What this task involves → Would you please repeat exactly the entries below, starting at the line with "Stainless Steel Electric" and ending at the line with "2. Tech-Protect UltraBoost", and nothing outside that range? Leave out the pictures.

----- Data provided -----

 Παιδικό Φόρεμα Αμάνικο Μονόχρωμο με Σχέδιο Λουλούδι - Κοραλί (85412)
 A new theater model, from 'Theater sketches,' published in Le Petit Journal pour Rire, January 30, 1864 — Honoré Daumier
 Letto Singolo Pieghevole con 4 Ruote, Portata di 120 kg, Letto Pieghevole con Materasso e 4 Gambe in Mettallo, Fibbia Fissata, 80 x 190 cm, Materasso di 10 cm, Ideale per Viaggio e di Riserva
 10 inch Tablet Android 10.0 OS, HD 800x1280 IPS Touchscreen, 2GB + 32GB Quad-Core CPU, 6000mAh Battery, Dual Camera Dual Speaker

-----
----- Data provided -----

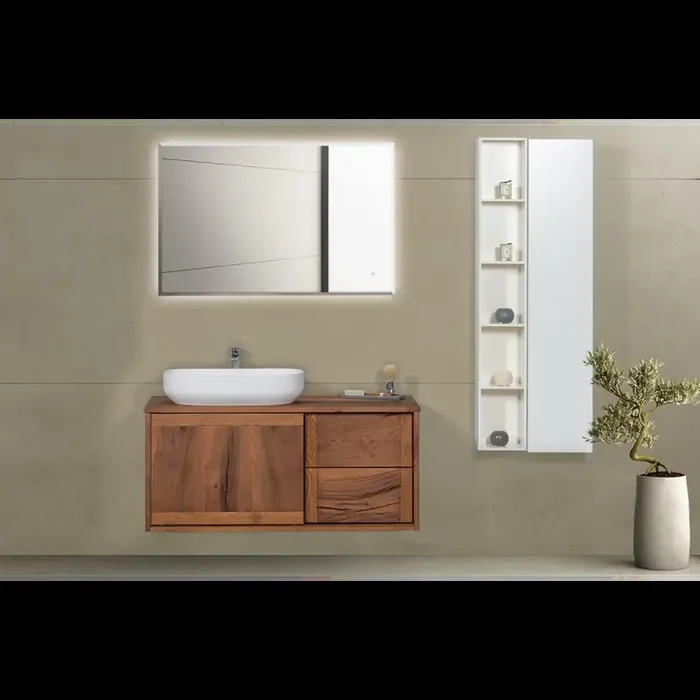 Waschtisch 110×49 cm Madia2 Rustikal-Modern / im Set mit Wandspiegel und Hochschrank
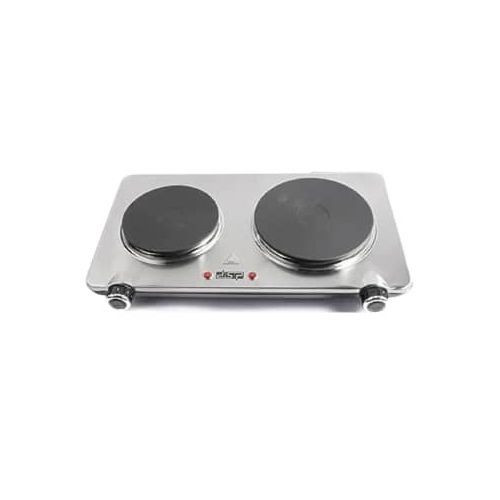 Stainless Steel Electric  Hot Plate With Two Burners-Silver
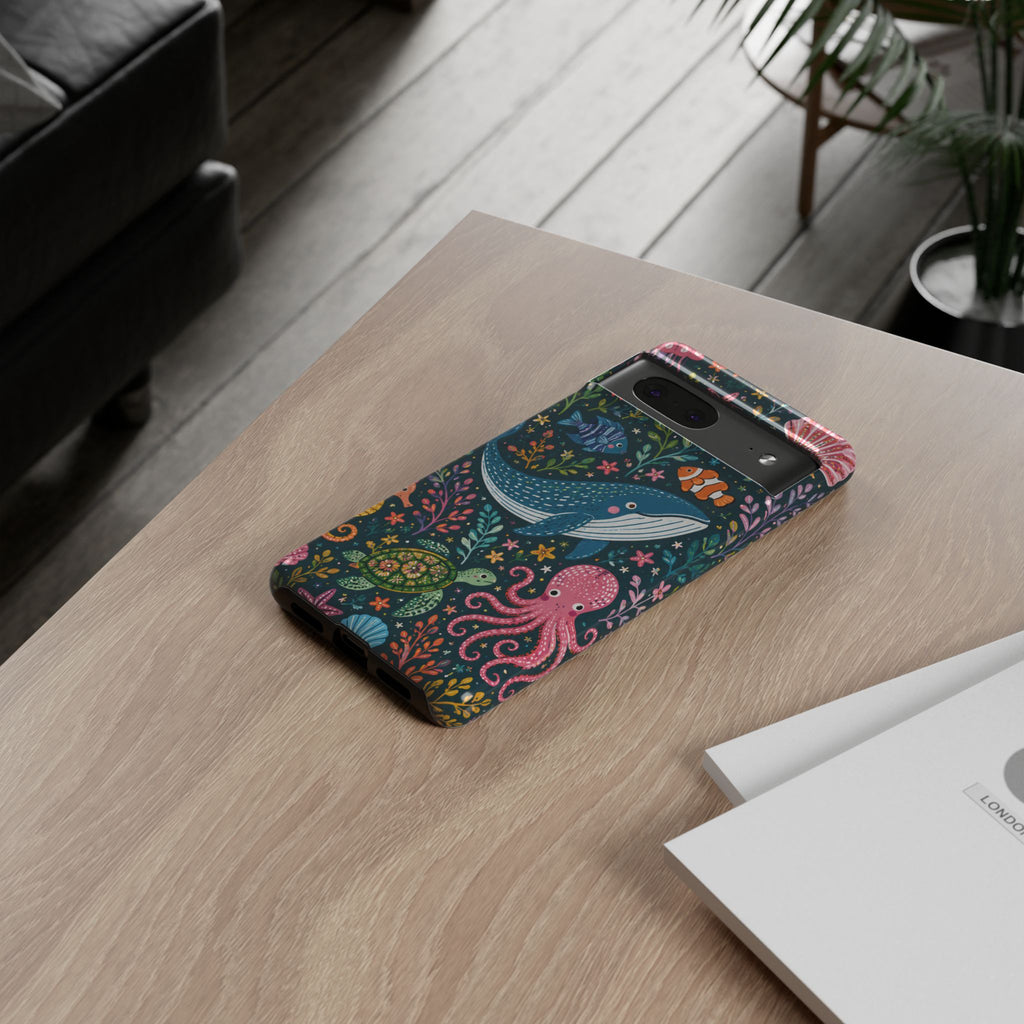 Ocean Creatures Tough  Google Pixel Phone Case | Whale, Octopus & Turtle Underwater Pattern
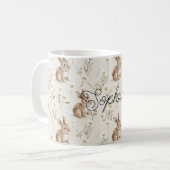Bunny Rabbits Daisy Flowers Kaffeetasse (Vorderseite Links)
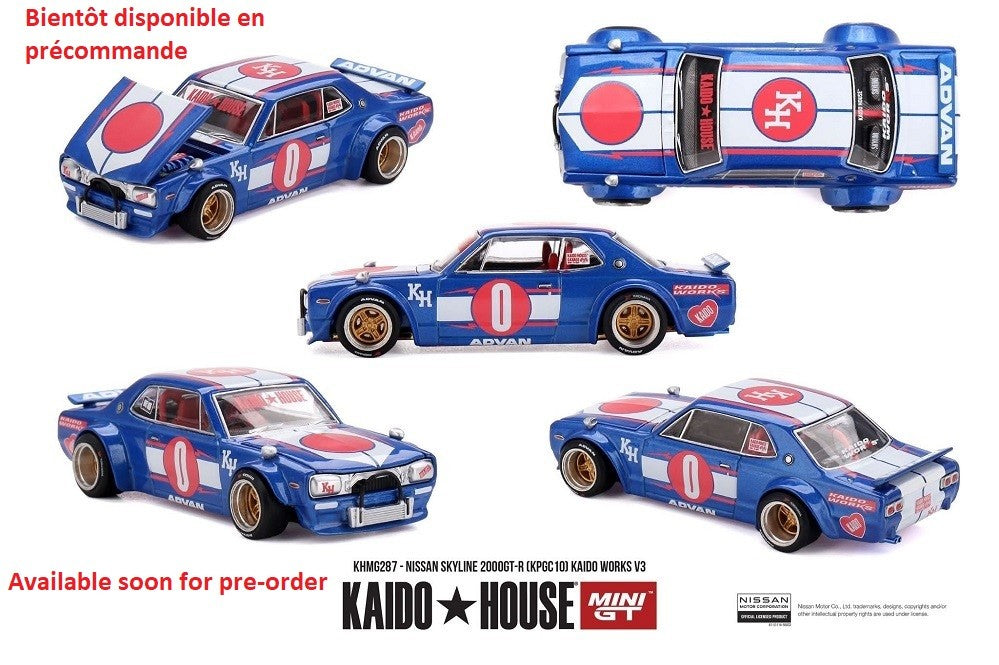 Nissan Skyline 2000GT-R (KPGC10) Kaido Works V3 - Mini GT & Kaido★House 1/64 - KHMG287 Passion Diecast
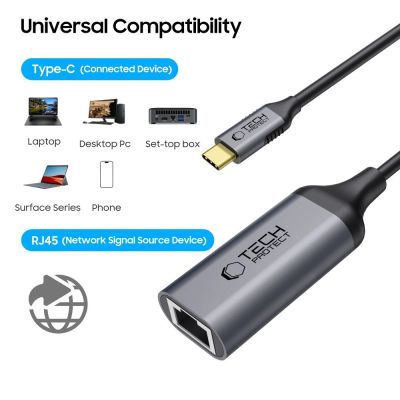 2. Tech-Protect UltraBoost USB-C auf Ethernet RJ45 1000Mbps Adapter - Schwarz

-----

Result of the task →
 Stainless Steel Electric  Hot Plate With Two Burners-Silver
 Ocean Creatures Tough  Google Pixel Phone Case | Whale, Octopus & Turtle Underwater Pattern
Bunny Rabbits Daisy Flowers Kaffeetasse (Vorderseite Links)
 Nissan Skyline 2000GT-R (KPGC10) Kaido Works V3 - Mini GT & Kaido★House 1/64 - KHMG287 Passion Diecast
 2. Tech-Protect UltraBoost USB-C auf Ethernet RJ45 1000Mbps Adapter - Schwarz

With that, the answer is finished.